→ Provided material:
Content starts

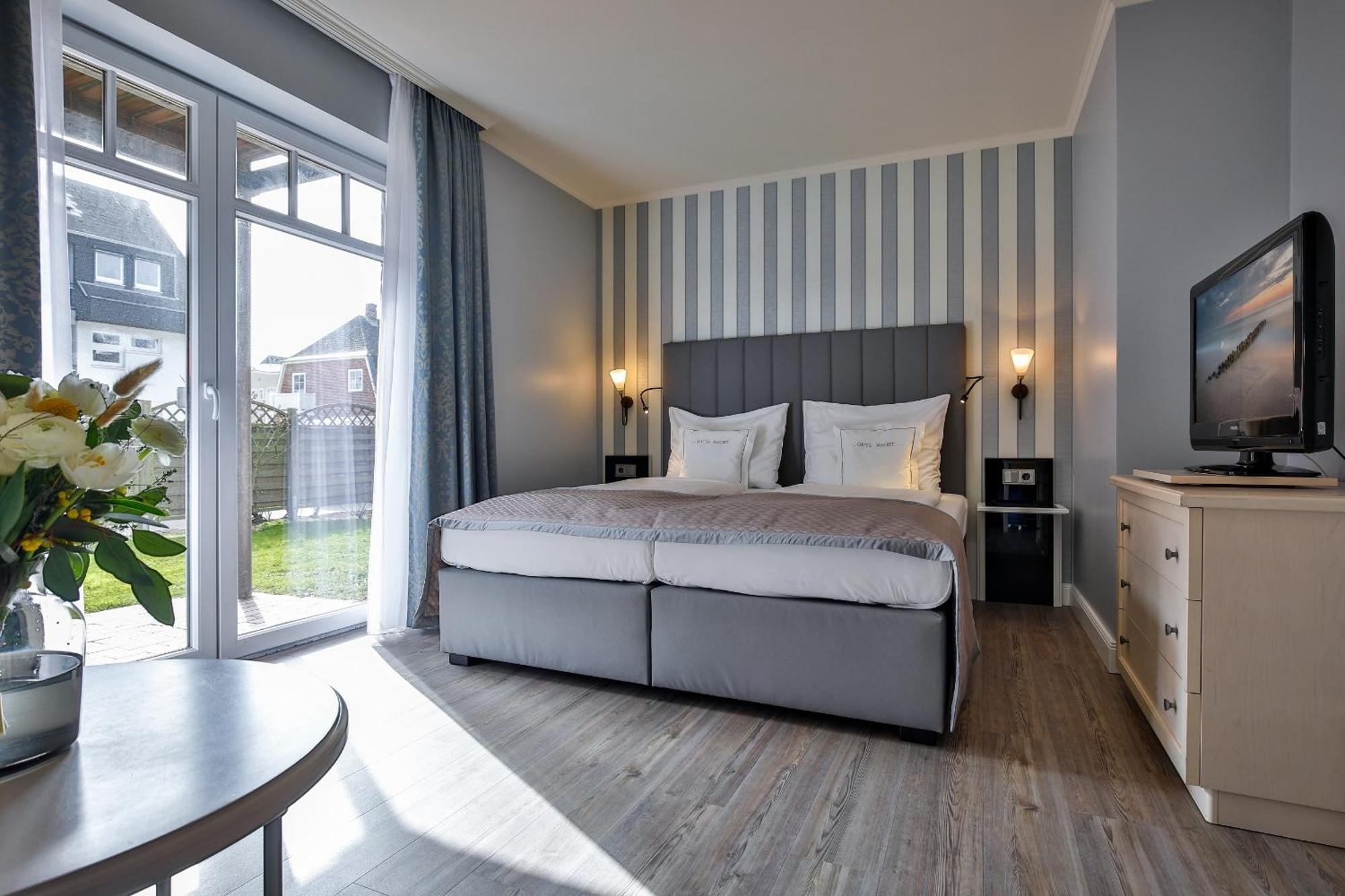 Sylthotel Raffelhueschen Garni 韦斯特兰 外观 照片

Content ends
Content starts

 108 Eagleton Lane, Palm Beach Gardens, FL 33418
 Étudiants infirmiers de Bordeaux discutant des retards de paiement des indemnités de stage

Content ends

→ Task brief:
Set down, unchanged, only those lines above that fall between the line with "108 Eagleton Lane, Palm" and the line with "Étudiants infirmiers de", the two end lines included.

→ Written solution:
 108 Eagleton Lane, Palm Beach Gardens, FL 33418
 Étudiants infirmiers de Bordeaux discutant des retards de paiement des indemnités de stage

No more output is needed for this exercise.